= Mohammad Saleh Baraghani =

Muhammad Salih Baraghani (محمدصالح برغانی; born 1753) was one of three or four brothers from Baraghan who all established themselves as leading mujtahids in Qazvin. Muhammad Salih was an Usuli Twelver Shi'i mujtahid. He opened the Salehiyya Madrasa in Qazvin in 1817; it soon gained prominence. As many as 700 students attended it. The madrasa also had a women's section.

Muhammad Salih's older brother Mohammad Taqi was also a fervent Usuli. Against common practice, Muhammad Taqi took money for issuing legal opinions and putting them into writing. The younger of the brothers, Mulla Ali, was closer to Shaykhism in his beliefs.

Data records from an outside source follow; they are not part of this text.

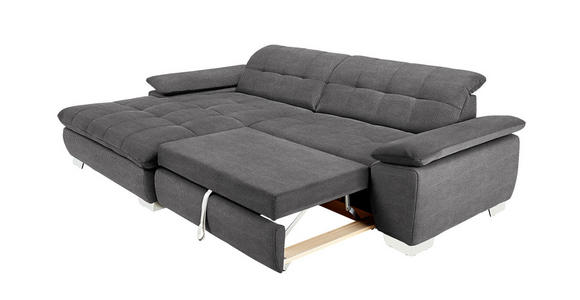 ECKSOFA in Mikrofaser Dunkelgrau  - Chromfarben/Dunkelgrau, Design, Textil/Metall (180/265cm) - Carryhome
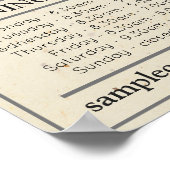 Anpassbare Geschäftszeiten für Logos und Texte Poster (Ecke)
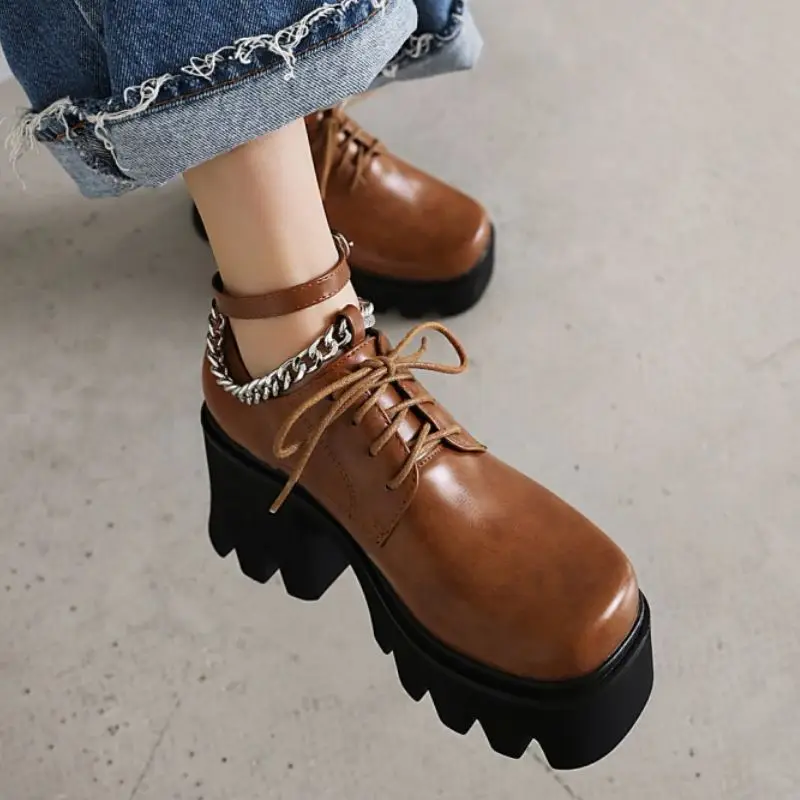 

Coolcept Size 35-44 Women Pumps Fashion Platform Lace Buckle Strap Spring Shoes Woman High Heel Office Lady Daily Footwear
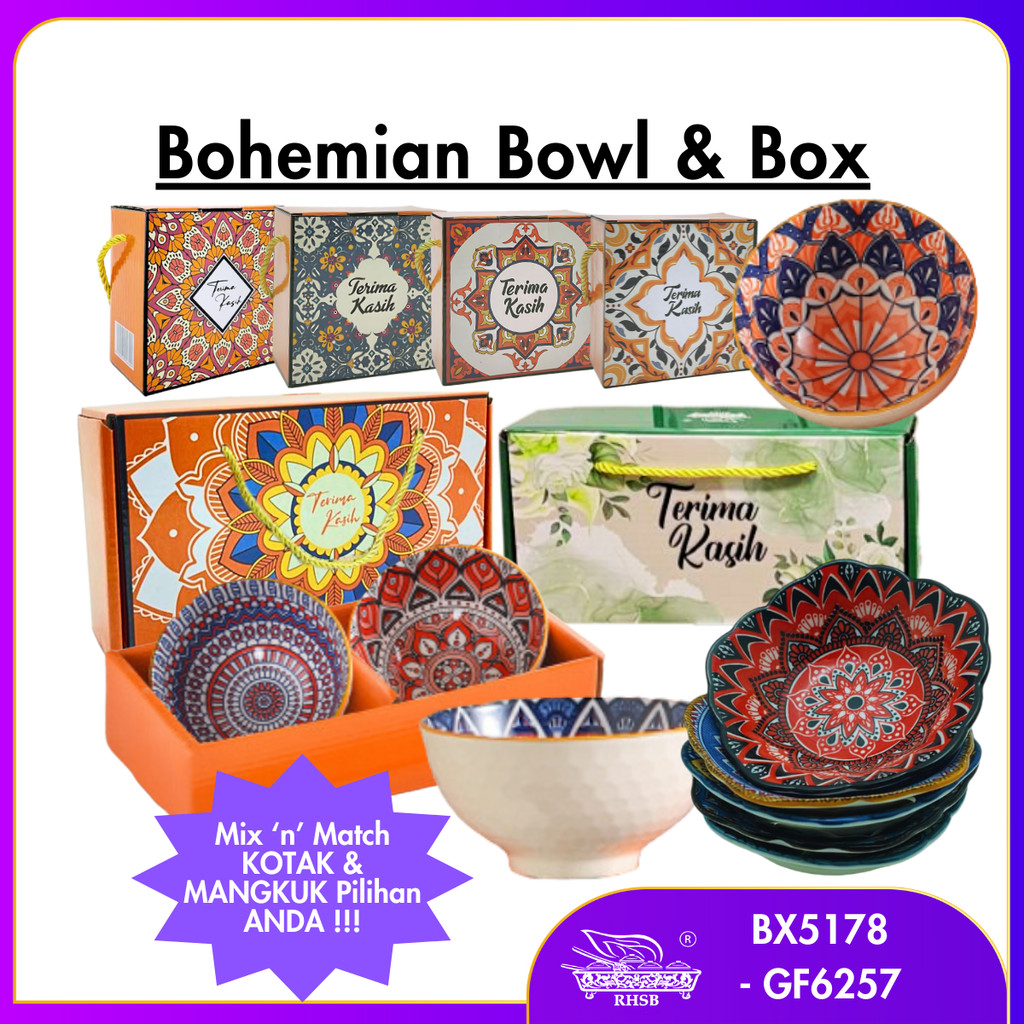 BOHEMIAN STYLE RICE BOWL/ BOWL WITH BOX/ CERAMIC BOWL/ SOUP BOWL/ WEDDING DOORGIFT DINNERWARE/ MANGKUK SERAMIK BOHEMIA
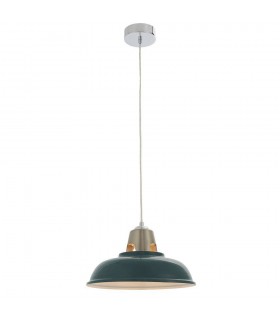 1 Light Ceiling Pendant Green & Satin Nickel Plate, E27 - 1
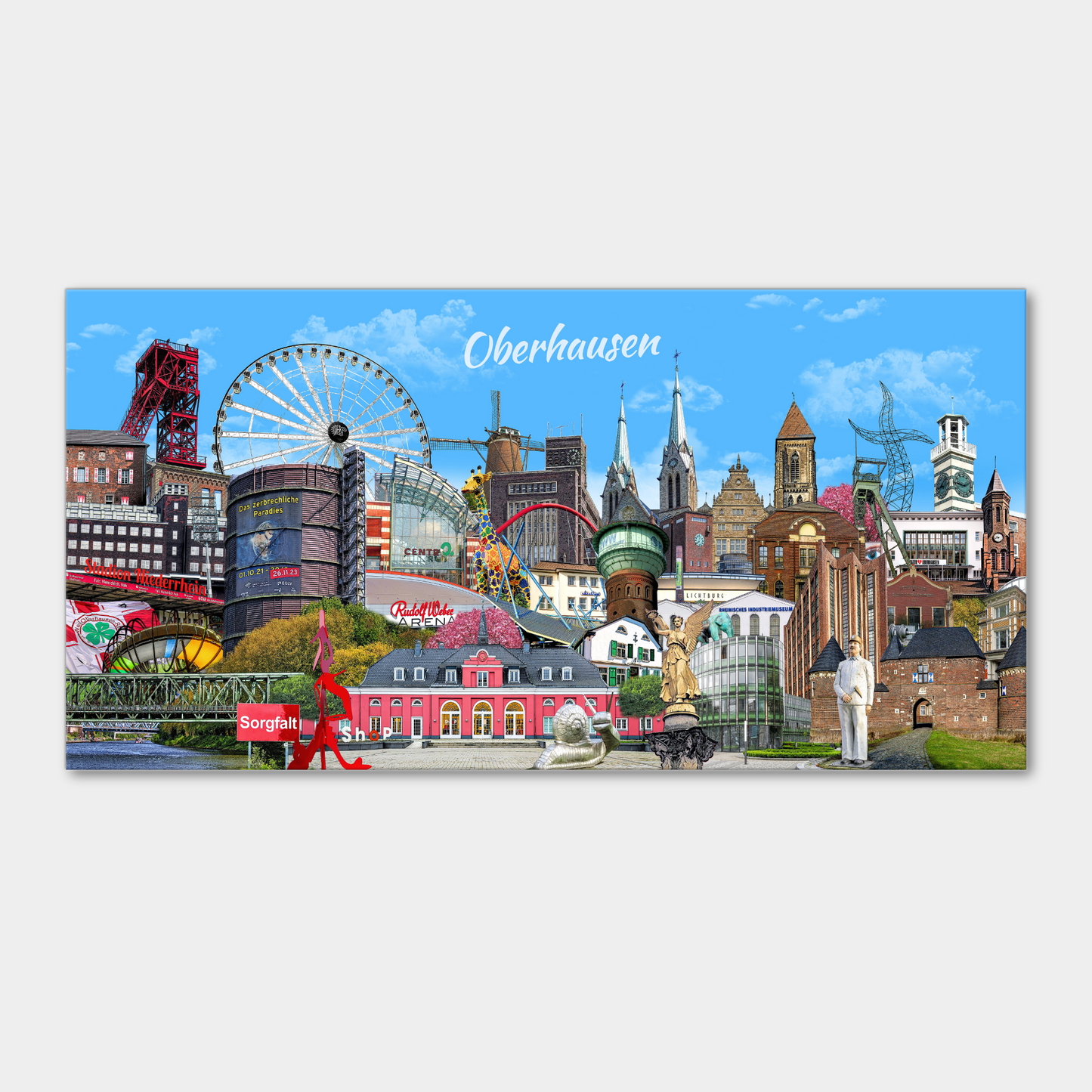 Hochwertige Oberhausen-Leinwand mit Collage der Stadtwahrzeichen.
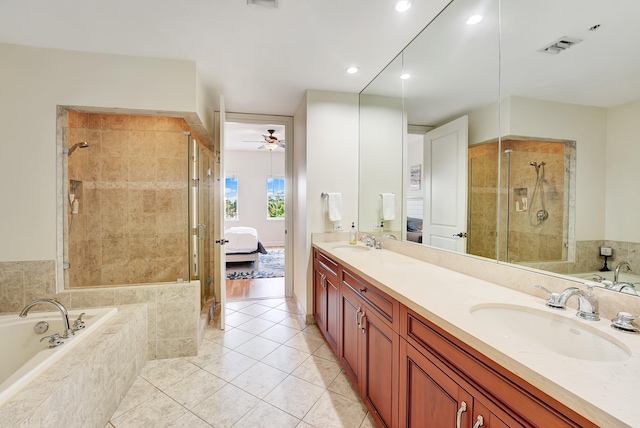 bathroom with vanity, separate shower and tub, ceiling fan, and tile patterned floors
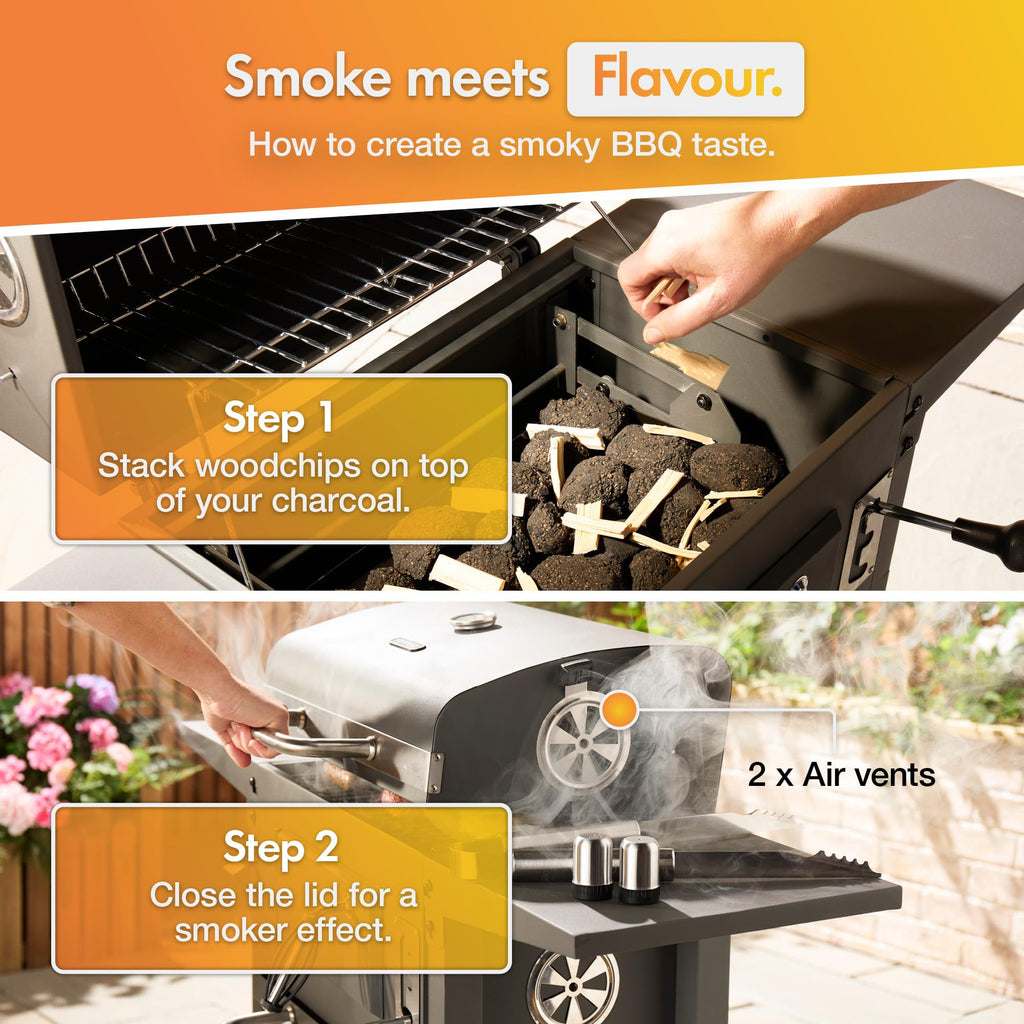 Charcoal BBQ Grill & Smoker with Temperature Gauge, Side Shelves & Storage Rack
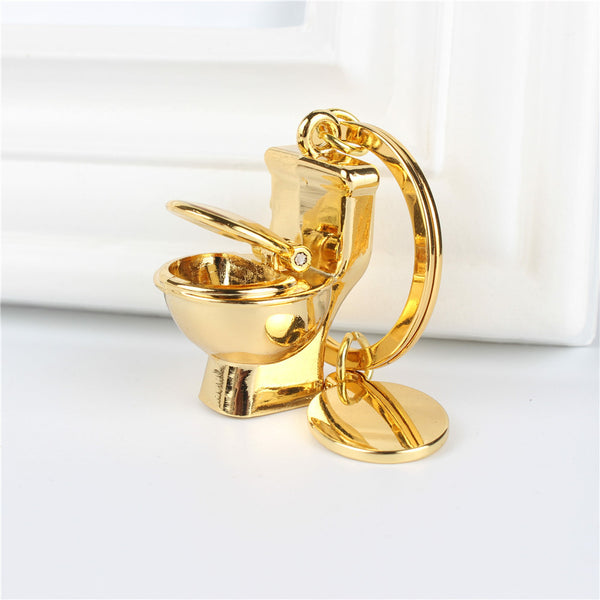 Gold Closestool Pendant Charm Purse Bag Keyring Key Chain Accessories Wedding Party Lover Friend Gift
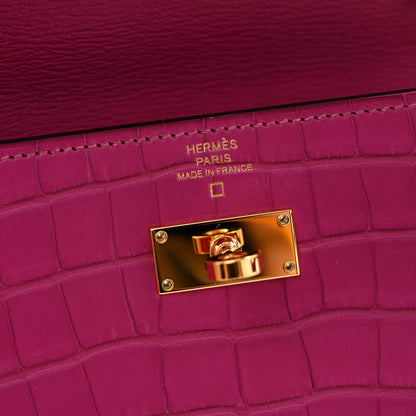 Matte Alligator Kelly Wallet To Go Rose Scheherazade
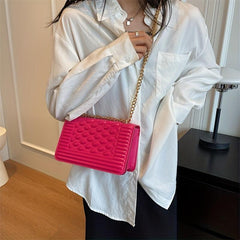 Quilted Crossbody Bag Chain Shoulder Bag Vegan Leather Flap Purse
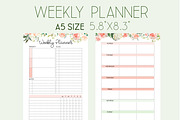 Weekly Planner A5 Inserts, a Stationery Template by EasyLifePlanners (Thumbnail 3 of 5)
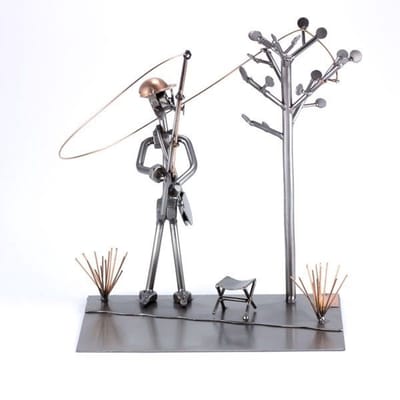 sculptuur sportvisser beroepen beeldje - metaal 24x20x13 relatiegeschenken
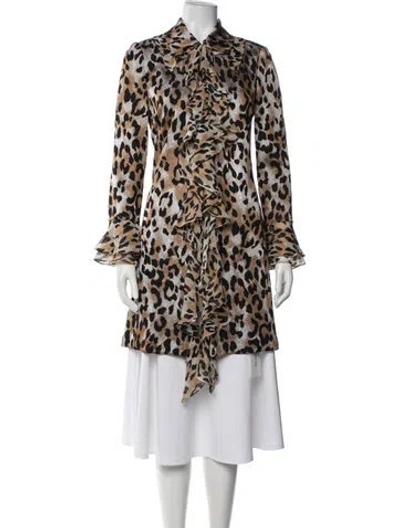 Pre-owned St John Animal Print Coat In Neutrals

Muhammad Salih married Amineh Salehi, sister of an influential Shaykhi alim, Abd al-Wahhab Sharif Qazvini (d. 1853), imam of the Shah Mosque in Qazvin. Baraghani's wife as well as his four daughters studied in the Salehiyya. His oldest daughter Fatimah, better known as Táhirih, was one of the most reputed religious scholars and poets of 19th century Iran. She eventually turned towards Bábism and was eventually executed for her rejection of orthodox Twelver faith. His other daughters, Marziye, Robabeh and Khadija Sultan, also became religious authorities, though none was as prominent as Fatimah.

Muhammad Salih Baraghani is remembered for his interpretations of the Qur'an, his eulogies of the tragedies of Karbala, his zeal for the execution of punishments, and active opposition to the consumption of wine.